En este momento, Xie Yunjing se encuentra en el campamento de caballería, al este de la ciudad, donde supervisa los ejercicios tácticos de Zhang Xun. La puerta de la sala de comida se abre lentamente, y Gao Wenyuan entra con una sonrisa casual en su rostro, como si estuviera simplemente paseando por allí.
Cuando Shen Taotao llegó, vio a Xie Yunjing vestido con ropa oscura, de pie sobre el podio de mando, con una postura erguida y una mirada penetrante. Su mirada se posó en Gao Yan, quien estaba detrás de él, como si fuera su sombra.
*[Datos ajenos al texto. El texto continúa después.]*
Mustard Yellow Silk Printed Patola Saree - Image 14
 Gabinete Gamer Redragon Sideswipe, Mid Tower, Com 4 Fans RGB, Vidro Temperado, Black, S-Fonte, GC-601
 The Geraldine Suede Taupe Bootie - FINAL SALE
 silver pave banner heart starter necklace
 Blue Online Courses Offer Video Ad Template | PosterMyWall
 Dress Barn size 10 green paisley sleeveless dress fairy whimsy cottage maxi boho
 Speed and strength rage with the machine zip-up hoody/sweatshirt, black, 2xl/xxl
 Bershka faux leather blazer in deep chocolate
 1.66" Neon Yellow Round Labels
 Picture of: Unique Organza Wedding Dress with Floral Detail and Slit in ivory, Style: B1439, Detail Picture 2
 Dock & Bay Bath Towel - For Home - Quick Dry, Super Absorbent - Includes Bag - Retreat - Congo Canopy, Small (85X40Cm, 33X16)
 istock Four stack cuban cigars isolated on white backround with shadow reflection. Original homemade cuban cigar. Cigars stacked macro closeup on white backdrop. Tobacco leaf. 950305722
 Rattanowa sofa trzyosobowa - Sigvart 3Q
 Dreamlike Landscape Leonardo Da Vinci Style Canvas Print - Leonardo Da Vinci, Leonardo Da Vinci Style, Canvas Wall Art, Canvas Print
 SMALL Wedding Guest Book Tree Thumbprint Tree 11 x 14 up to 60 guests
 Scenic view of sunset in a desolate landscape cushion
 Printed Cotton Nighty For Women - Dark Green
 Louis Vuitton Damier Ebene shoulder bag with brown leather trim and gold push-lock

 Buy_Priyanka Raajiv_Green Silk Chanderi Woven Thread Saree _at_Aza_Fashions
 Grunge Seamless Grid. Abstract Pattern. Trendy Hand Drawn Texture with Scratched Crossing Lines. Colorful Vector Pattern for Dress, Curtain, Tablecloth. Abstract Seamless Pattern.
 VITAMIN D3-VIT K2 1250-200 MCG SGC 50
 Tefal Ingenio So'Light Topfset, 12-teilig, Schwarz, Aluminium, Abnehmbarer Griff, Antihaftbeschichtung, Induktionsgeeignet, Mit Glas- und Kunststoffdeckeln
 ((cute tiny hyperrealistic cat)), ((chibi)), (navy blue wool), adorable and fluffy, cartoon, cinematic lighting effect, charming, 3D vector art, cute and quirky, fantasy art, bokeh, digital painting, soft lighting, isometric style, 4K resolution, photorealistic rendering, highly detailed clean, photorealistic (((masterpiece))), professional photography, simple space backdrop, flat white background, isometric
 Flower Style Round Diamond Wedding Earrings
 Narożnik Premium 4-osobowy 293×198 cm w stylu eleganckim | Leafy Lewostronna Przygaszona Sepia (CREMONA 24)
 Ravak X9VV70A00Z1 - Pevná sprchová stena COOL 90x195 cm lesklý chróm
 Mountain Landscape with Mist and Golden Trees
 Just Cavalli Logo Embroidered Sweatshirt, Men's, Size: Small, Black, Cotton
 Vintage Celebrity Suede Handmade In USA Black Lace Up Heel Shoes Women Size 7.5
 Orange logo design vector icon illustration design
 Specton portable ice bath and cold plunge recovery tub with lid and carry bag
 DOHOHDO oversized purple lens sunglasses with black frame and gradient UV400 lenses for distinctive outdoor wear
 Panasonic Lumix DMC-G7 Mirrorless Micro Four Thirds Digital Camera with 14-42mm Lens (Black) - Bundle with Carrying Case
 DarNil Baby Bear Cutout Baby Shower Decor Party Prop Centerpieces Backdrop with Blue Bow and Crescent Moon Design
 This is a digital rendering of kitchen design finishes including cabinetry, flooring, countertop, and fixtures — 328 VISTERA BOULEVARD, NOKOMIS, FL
Shen Taotao observó atentamente cómo cambiaban las formaciones de los soldados abajo.
Dentro del almacén, todo estaba ordenado, y el aire olía a arroz y verduras encurtidas. Todo parecía normal.
Zhang Xun, por su parte, montaba un hermoso caballo blanco, sosteniendo una bandera y dando órdenes constantemente para organizar a las tropas.
Pero… no había nadie allí.
Shen Taotao no quería alertar a los demás, así que subió silenciosamente al podio de mando y se acercó a Xie Yunjing. Le dijo en voz baja: “Yunjing, hay un asunto urgente”.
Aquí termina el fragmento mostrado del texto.